Ramadi will be taken back ‘within days’

Iraq's PM says Ramadi will be taken back from Islamic State 'with days', after pro government forces recapture territory near the recently-fallen city on Sunday.
4 min read
Iraqi forces guarding positions south of Bghdad on May 24, 2015 [AFP/Getty]

Iraqi forces will retake the city of Ramadi from Islamic State ‘in days’, Prime Minister Haider al-Abadi has said.

Abadi also dismissed accusations by US Defence Secretary Ashton Carter that Iraqi forces lacked  the will to fight the Islamic State group, which scored a resounding victory a week earlier with the capture of Ramadi.   

The militants had appeared on the back foot in Iraq in recent months but twin offensives on Ramadi and on the ancient Syrian city of Palmyra have swung the momentum. 

The loss of Ramadi, capital of Iraq's largest province of Anbar, raised questions over the strategy adopted not only by Baghdad but also by Washington to tackle IS. 

Carter told CNN that Baghdad's worst military defeat in almost a year could have been avoided: 

"What apparently happened was the Iraqi forces showed no will to fight. They were not outnumbered, and they vastly outnumbered the opposing force, and they failed to fight and withdrew from the site," he said. 
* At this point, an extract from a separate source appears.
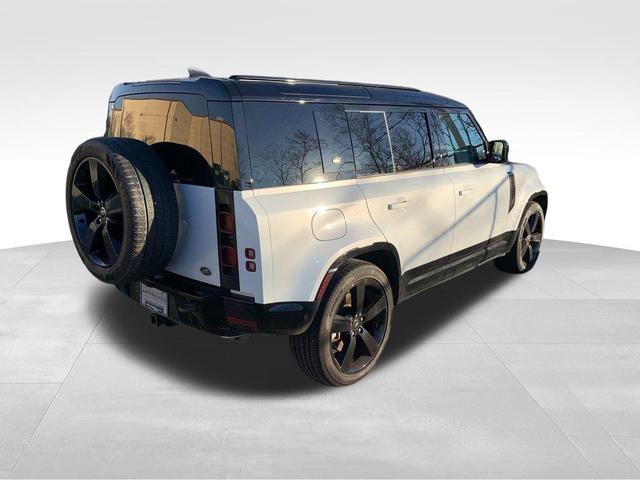 Photo of 2023 Yulong White Land Rover Defender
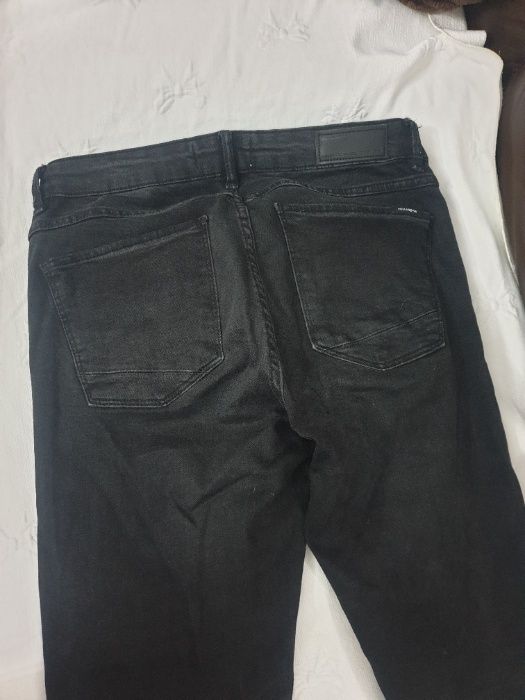 calças homem Pull&Bear ganga preta super skinny fit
"That says to me, and I think to most of us, that we have an issue with the will of the Iraqis to fight ISIL and defend themselves," he said, using an alternative name for the group.  

But In a fierce rebuttal, al-Abadi told the BBC that Carter was "fed with the wrong information" and that Ramadi would be recaptured "within days".  
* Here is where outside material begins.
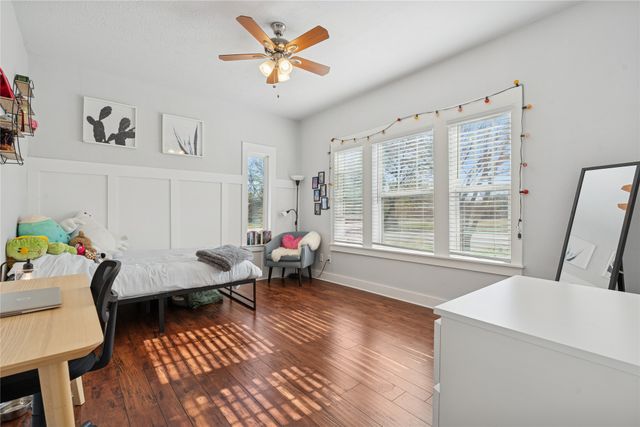 2844 S Adams Street, Fort Worth, TX 76110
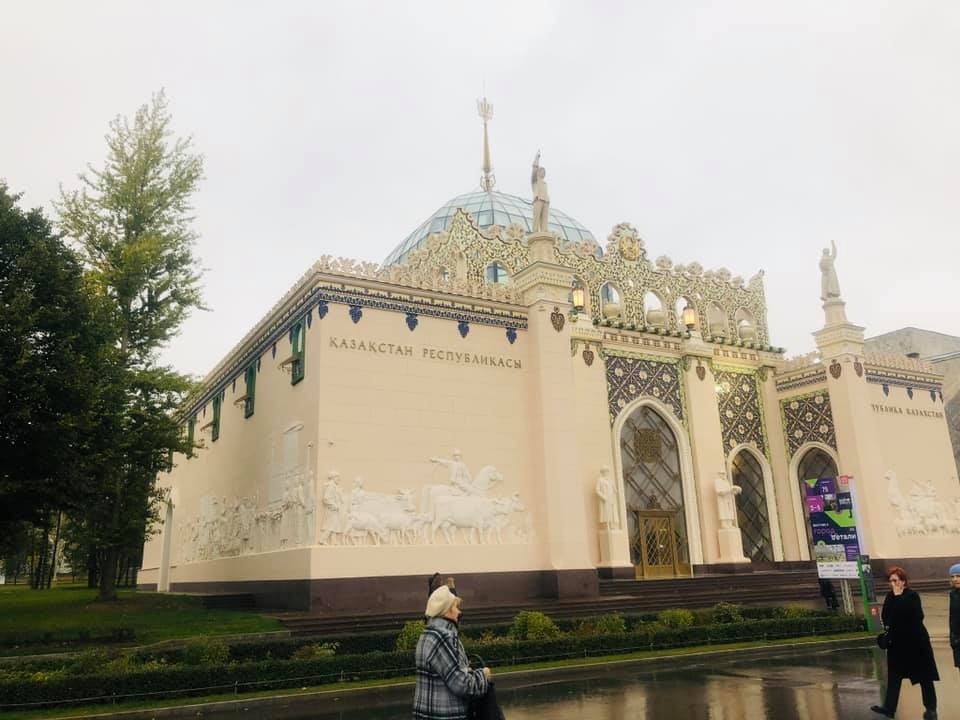 Как бедные родственники. Модельер в шоке от павильона Кыргызстана в Москве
On Saturday, pro-government forces retook territory from the Islamic State group east of Ramadi, commanders said, in their first counterattack since the fall of the Anbar provincial capital last week.  

"The Husaybah area is now under full control and the forces are now advancing to liberate neighbouring Jweibah," a police colonel told AFP from the front.  

The area's most prominent Sunni tribal leader, Sheikh Rafia Abdelkarim al-Fahdawi, deployed his forces, whose knowledge of the terrain is key, alongside fighters from the Hashed al-Shaabi, an umbrella for Shia militia and volunteers.

The police colonel said the Husaybah operation also involved local and federal police, the interior ministry's rapid intervention force as well as the army.  

In Iraq, a mosaic of anti-IS forces have massed in the Euphrates Valley to ready for an offensive aimed at turning the tide on the extremists.  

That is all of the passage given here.